Abstract

The study finds that Canadian federal and provincial governments provided $2.84 billion to support oil production in 2008. The comprehensive report uses an internationally agreed definition of subsidy adopted by the World Trade Organization to determine the value of oil production subsidies in Alberta, Saskatchewan and Newfoundland & Labrador. This detailed analysis is the first of its kind in Canada and allows appropriate comparisons of subsidies with other countries. The report estimates the impact of existing subsidies over the next 10 years. The study forecasts the cost of subsidies to governments would double by 2020. The report estimates a 2 per cent rise in Canada’s greenhouse gas emissions by 2020 and a projected rate of growth for the oil production industry.
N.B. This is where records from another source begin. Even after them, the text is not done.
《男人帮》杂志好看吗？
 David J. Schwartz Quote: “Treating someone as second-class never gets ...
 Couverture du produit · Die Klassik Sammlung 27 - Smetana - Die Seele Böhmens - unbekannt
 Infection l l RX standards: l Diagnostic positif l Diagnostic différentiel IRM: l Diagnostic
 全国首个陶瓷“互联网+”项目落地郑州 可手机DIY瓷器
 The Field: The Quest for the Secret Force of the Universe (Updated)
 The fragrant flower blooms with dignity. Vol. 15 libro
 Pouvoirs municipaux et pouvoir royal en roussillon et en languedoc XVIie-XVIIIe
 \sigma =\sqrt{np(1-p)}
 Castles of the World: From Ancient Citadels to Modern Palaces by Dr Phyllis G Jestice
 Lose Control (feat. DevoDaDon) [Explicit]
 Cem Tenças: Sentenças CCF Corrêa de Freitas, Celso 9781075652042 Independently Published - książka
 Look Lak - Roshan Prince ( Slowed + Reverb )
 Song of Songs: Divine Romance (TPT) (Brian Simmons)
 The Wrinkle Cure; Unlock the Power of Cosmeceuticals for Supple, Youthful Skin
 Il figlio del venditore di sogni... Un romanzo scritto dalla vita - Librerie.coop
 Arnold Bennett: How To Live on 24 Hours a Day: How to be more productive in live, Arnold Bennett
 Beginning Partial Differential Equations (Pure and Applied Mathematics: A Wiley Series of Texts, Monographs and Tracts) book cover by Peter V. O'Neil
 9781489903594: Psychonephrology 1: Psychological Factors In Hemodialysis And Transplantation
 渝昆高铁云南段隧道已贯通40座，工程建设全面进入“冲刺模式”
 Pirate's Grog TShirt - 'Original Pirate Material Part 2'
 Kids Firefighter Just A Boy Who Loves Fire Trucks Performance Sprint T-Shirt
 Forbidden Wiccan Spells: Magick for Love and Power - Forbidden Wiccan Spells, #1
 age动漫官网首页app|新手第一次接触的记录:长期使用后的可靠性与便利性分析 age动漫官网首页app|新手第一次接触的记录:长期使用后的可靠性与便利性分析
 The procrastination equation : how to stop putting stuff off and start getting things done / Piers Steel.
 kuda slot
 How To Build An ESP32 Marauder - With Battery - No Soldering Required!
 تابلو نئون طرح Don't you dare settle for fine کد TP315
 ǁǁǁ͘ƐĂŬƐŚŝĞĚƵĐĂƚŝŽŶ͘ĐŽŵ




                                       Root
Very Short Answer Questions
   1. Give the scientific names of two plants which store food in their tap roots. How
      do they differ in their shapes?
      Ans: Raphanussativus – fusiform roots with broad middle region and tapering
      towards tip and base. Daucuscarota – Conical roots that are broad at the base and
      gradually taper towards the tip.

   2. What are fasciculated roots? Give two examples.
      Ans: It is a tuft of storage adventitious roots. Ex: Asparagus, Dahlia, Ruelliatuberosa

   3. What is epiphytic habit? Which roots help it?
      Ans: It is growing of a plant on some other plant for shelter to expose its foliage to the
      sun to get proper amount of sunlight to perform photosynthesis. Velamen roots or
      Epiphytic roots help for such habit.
As a member of the G20, Canada has recognized that efforts to deal with climate change, wasteful energy consumption, market distortions and barriers to clean energy investment are undermined by inefficient fossil-fuel subsidies and has pledged to phase out its inefficient fossil-fuel subsidies over the medium term. The federal and provincial governments have already made progress in reducing the level of subsidies and incentives to the oil production industry, though a number of significant subsidies remain and new ones have emerged. According to the study, the federal government’s share of subsidies in 2008 was $1.38 billion. Within the provincial governments, Alberta was estimated at $1.05 billion, Saskatchewan at $327 million and Newfoundland & Labrador at $83 million. A total of 63 subsidy programs were identified. In most cases, the subsidies were intended to increase exploration and development through a mix of tax breaks and royalty reductions.